- **WHAT IS EXPECTED**: Could you give back exactly the lines below from the one with "сатива Бородино" through the one with "Finca en venta", without a single picture?

- **INPUT FOR THIS TASK**:

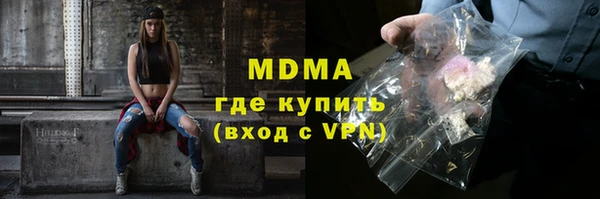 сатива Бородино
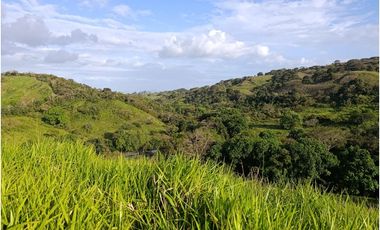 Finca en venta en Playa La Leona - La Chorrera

--

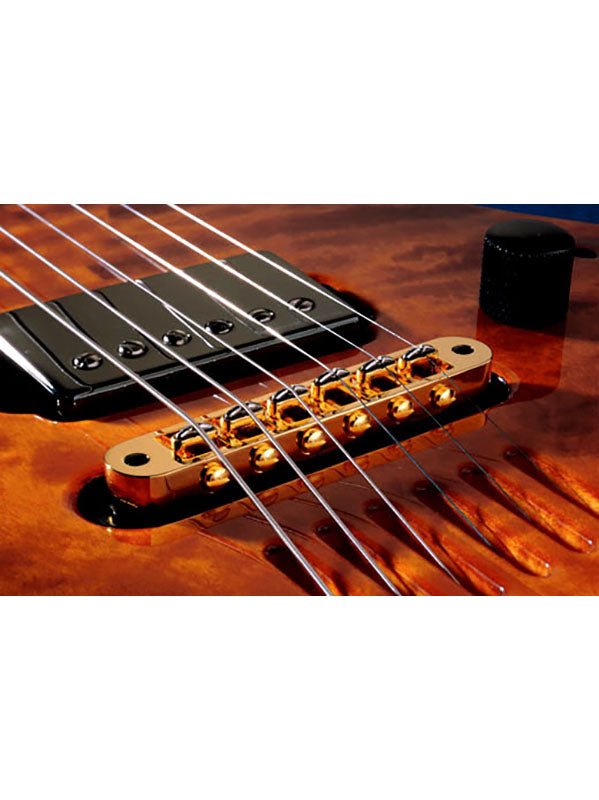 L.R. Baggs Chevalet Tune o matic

- **TASK OUTPUT**:
 сатива Бородино
 Finca en venta en Playa La Leona - La Chorrera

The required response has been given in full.